Só em quatro lotes da obra o cartel provocou um prejuízo de R$ 232 milhões ao Estado, segundo o promotor Marcelo Mendroni, que apresentou a denúncia que gerou a condenação. O contrato para as obras era de R$ 4 bilhões, em valores de 2010.

A suspeita de cartel foi revelada pela Folha de S.Paulo em outubro de 2010. Naquele mês, o jornal relatou que havia registrado o nome dos vencedores da licitação de sete lotes da obra com seis meses de antecedência. A reportagem fez o registro em cartório e por meio de vídeo.

O juiz que condenou os executivos cita na sentença a reportagem da Folha de S.Paulo e o acerto dos registros feitos pela reportagem.

As empreiteiras que disputavam a obra tentaram desacreditar ambos os registros, mas a Justiça rejeitou as alegações.

A disputa da linha 5-lilás reuniu algumas das maiores empreiteiras do país, que se tornaram ainda mais famosas com a Lava Jato e condenações por corrupção, como a Odebrecht, OAS, Camargo Corrêa e Andrade Gutierrez.

A obra licitada compreendia o trecho da linha 5-lilás que vai do Largo 13, em Santo Amaro, à Chácara Klabin.

O juiz Marcos Fleury Silveira de Alvarenga diz na sentença que não há a menor dúvida da prática de cartel na licitação da linha 5-lilás.

“Agindo em conluio, as empresas nominadas na ação penal, por intermédio dos representantes ora denunciados, fraudaram o procedimento licitatório e estabeleceram regras próprias de cartel”, escreveu na decisão.

Segundo ele, as empresas combinaram estratégias para violar a livre concorrência. Uma das estratégias era as empresas do grupo apresentar preços que simulavam uma competição, mas no fundo era para perder a disputa porque todas conheciam os valores que seriam ofertados na concorrência.

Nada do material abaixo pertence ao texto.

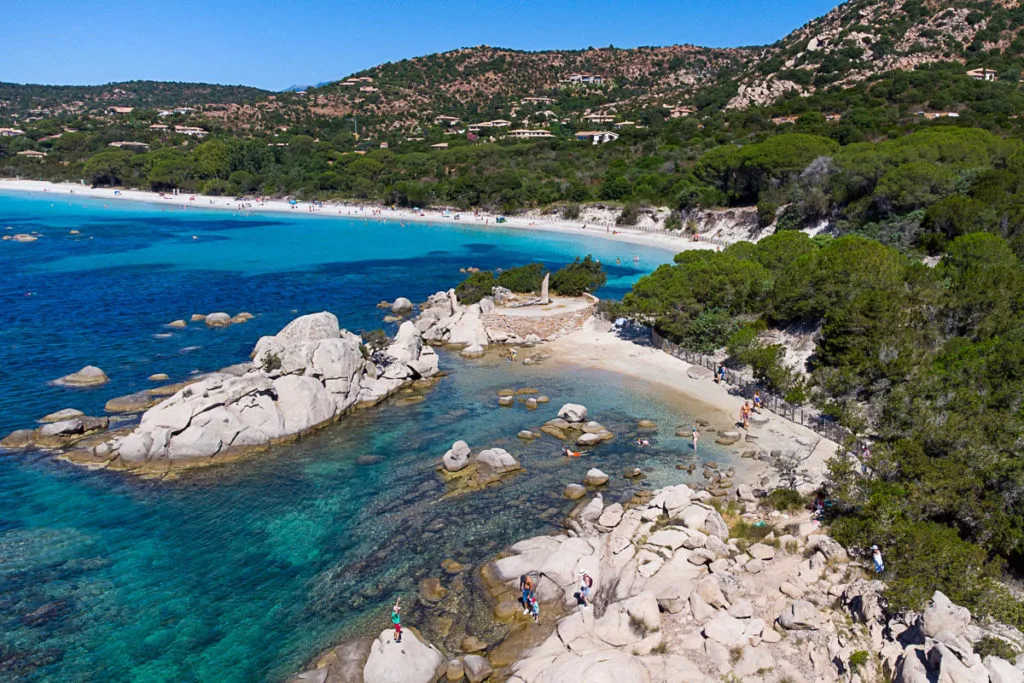 Plage de Tamaricciu road trip en Corse vue drone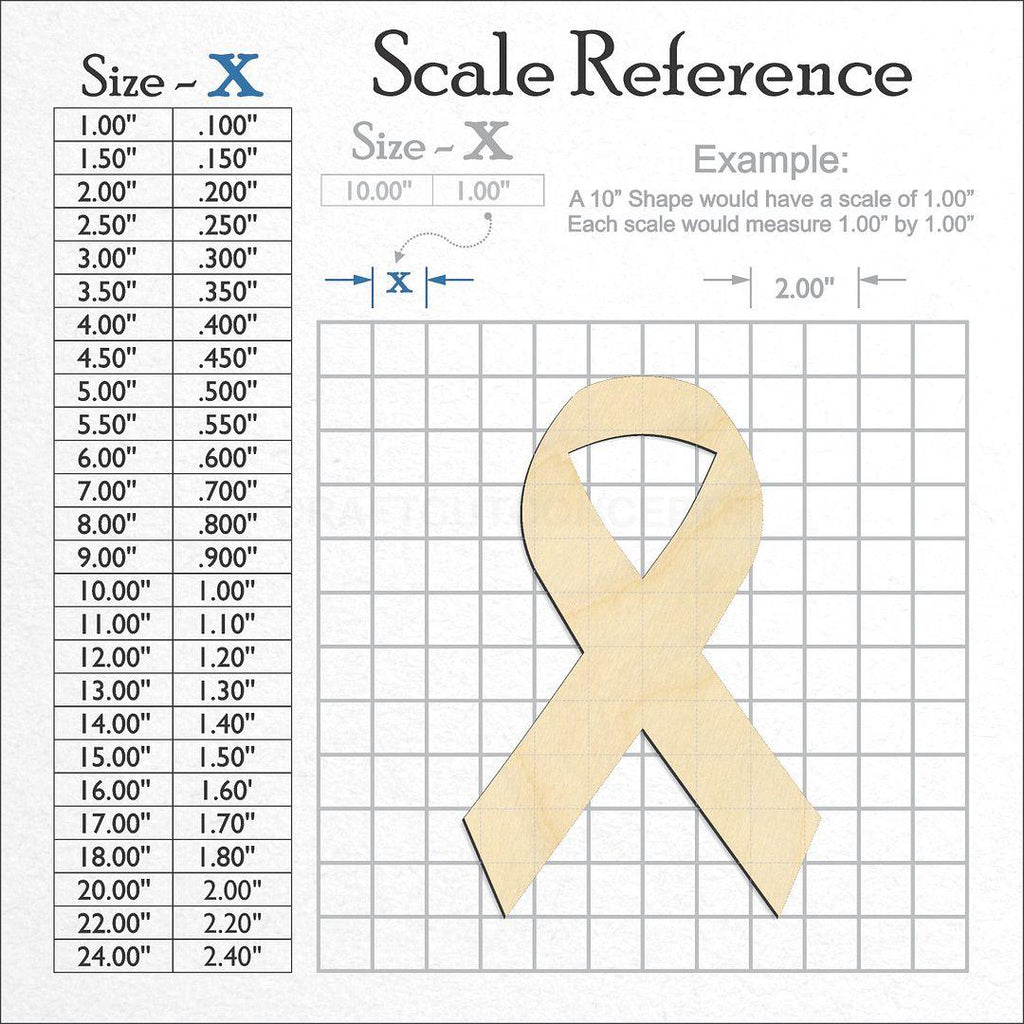 A scale and graph image showing a wood Cancer Ribbon craft blank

Os preços oferecidos pelas empreiteiras era praticamente o valor de referência da licitação. No lote 7, ainda segundo o promotor, houve a menor diferença entre o valor ofertado e o preço de referência, de 0,00001%. A diferença máxima foi de 0,41% para o lote 8, de acordo com Marcelo Mendroni.

Até a publicação desta reportagem, os executivos e as empreiteiras não haviam sido localizados para comentar a condenação. Com informações da Folhapress.